Bug 1125273

Summary: bcache device registration may temporarily fail (device busy)
Product: [Fedora] Fedora Reporter: Ian Pilcher <ipilcher>
Component: bcache-toolsAssignee: Rolf Fokkens <rolf>
Status: CLOSED CANTFIX QA Contact: Fedora Extras Quality Assurance <extras-qa>
Severity: unspecified Docs Contact:
Priority: unspecified    
Version: 20CC: ignatenko, jreznik, rolf
Target Milestone: ---   
Target Release: ---   
Hardware: Unspecified   
OS: Unspecified   
Whiteboard:
Fixed In Version: Doc Type: Bug Fix
Doc Text:
Story Points: ---
Clone Of: Environment:
Last Closed: 2014-10-04 06:44:23 UTC Type: Bug
Regression: --- Mount Type: ---
Documentation: --- CRM:
Verified Versions: Category: ---
oVirt Team: --- RHEL 7.3 requirements from Atomic Host:
Cloudforms Team: --- Target Upstream Version:
Embargoed:
Attachments:
Description Flags
Make bcache_register distinguish between fatal and (possibly) non-fatal errors
none
C program to register a bcache device, trying again when appropriate
none
Update bcache-register to use C helper none

Description Ian Pilcher 2014-07-31 13:19:22 UTC
Created attachment 922915 [details]
Make bcache_register distinguish between fatal and (possibly) non-fatal errors

This is (probably) my last attempt at finding someone who cares that this is broken ...

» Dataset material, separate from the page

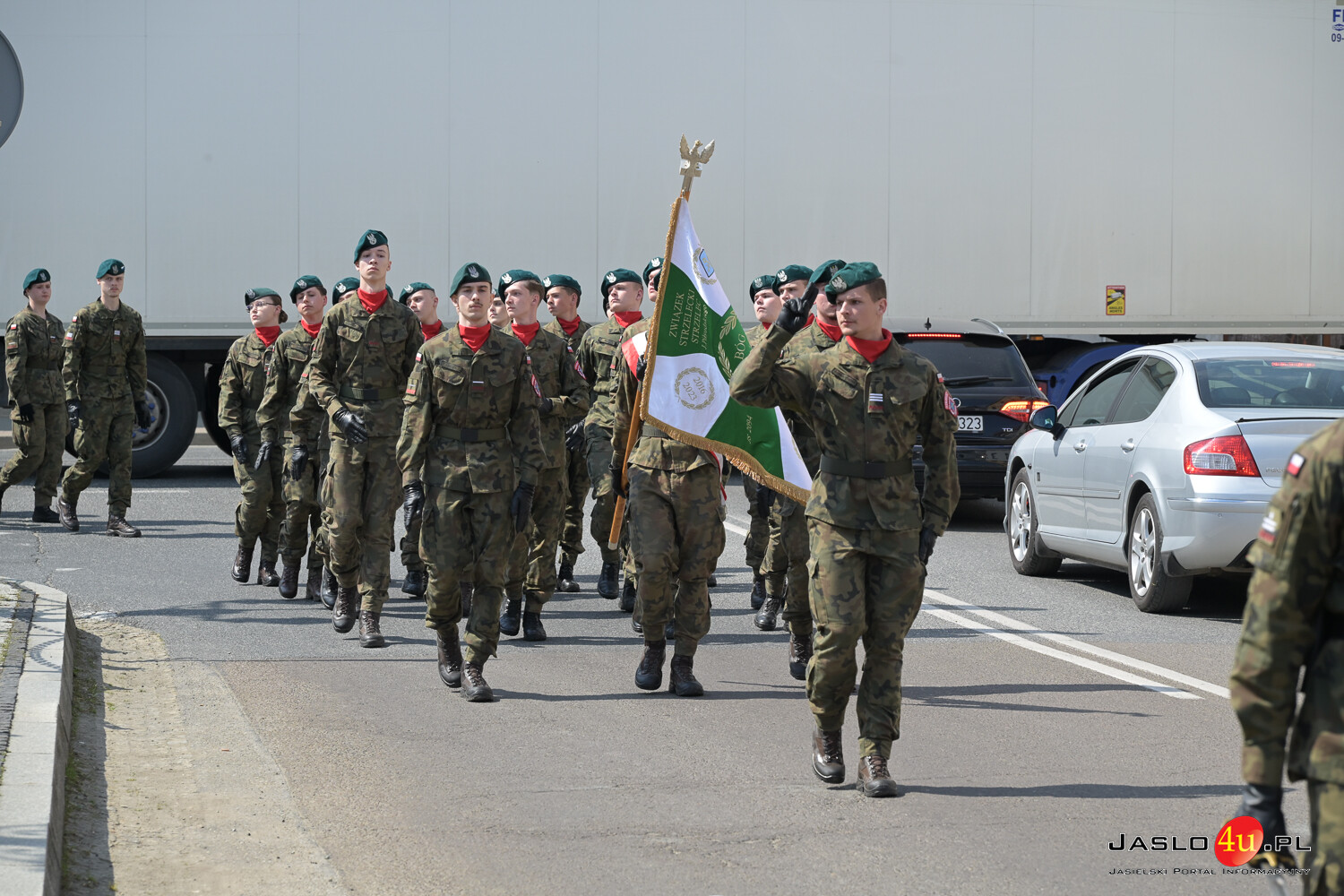 Jubileusz 10-lecia Jednostki Strzeleckiej 2094 im. ppłk. S. Soczka w Kołaczycach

TL;DR version is that registration of a bcache device (backing or cache device) will fail if the in-kernel registration function (register_bcache) cannot get exclusive access to the device.  This can happen, for example, when the device is a partition on an MD RAID device (e.g. /dev/md126p5); udev starts a number of helper processes when a new RAID partition appears, and this can prevent register_bcache from getting exclusive access to the device.

Currently, the result is that register_bcache returns -EINVAL, the echo command in /usr/lib/udev/bcache-register exits with a status of 1, the device is not registered, and the bcache device does not get created.  This is particularly troublesome if one's root filesystem happens to reside on said bcache device.

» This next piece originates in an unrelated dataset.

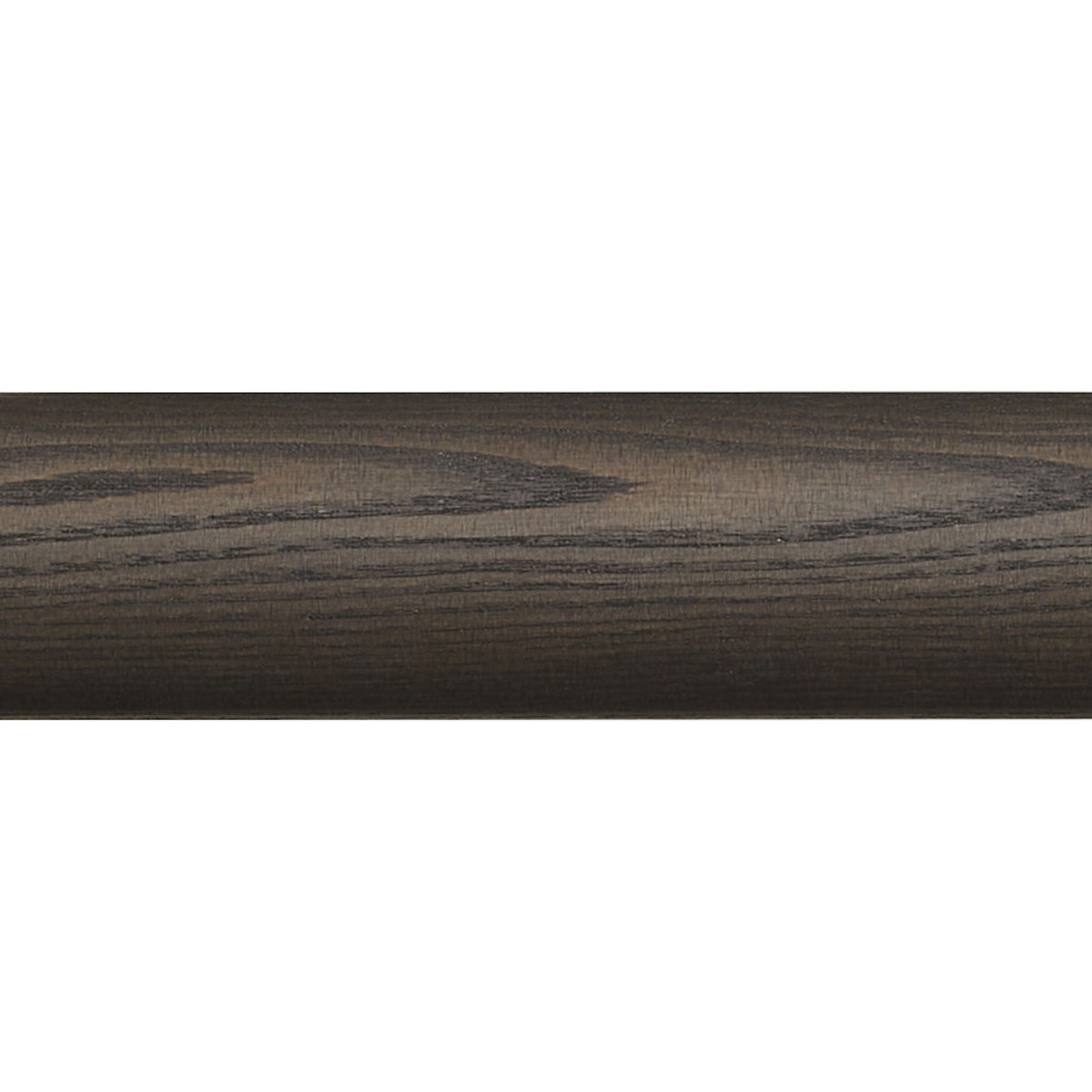 Hallis Eden 45mm curtain pole length, Umber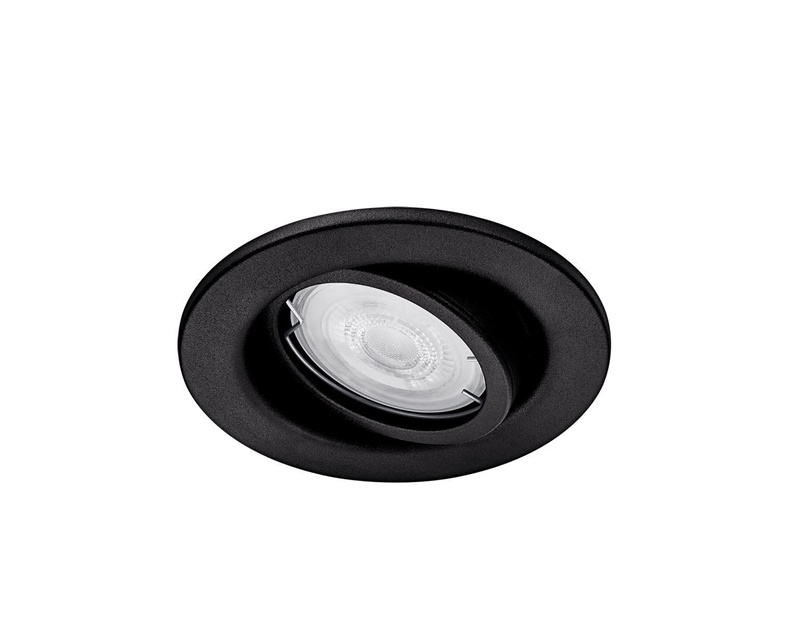 RECESSED ROOF LIGHT FRESCO GU10 IP23 BL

Fixing this will require changes in 2 places:

* The kernel function (register_bcache) needs to return a different error code
  when the device is (possibly temporarily) busy.  (It currently returns -EINVAL
  for all errors.)  -EBUSY seems like the obvious candidate.

* Userspace needs to use this information and try again in the "device busy"
  case.

I am going to attach several files to this bug that show a *possible* implementation of the approach outlined above.  I want to be very, very clear that I have no intention of playing the kernel patch bikeshed game.  My hope is that there is sufficient interest in making this work in Fedora that someone with sufficient "street cred" can get a response out of the folks on the linux-bcache mailing list.

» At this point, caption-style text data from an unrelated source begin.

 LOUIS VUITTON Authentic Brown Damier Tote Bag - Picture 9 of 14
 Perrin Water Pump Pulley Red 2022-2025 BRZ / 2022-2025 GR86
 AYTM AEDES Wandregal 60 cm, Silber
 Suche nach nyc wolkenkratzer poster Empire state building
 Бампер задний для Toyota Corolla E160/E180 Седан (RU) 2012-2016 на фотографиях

Comment 1 Ian Pilcher 2014-07-31 13:20:50 UTC
Created attachment 922917 [details]
C program to register a bcache device, trying again when appropriate

Comment 2 Ian Pilcher 2014-07-31 13:22:00 UTC
Created attachment 922929 [details]
Update bcache-register to use C helper

Comment 3 Rolf Fokkens 2014-08-13 19:52:36 UTC
Your suggested changes affect both the kernel and the userspace part. Bcache tools only covers the userspace part. So I agree with you it should be addressed upstream first.

I found your upstream post:
http://thread.gmane.org/gmane.linux.kernel.bcache.devel/2594

I must have received your post in the email, but it ascaped my attention. I'll join the discussion over there first, because reproducing the problem should be the first step.

Comment 4 Rolf Fokkens 2014-09-06 08:15:11 UTC
https://github.com/g2p/bcache-tools/issues/14

Comment 5 Rolf Fokkens 2014-10-04 06:44:23 UTC
Upstream needs to respond, but doesn't.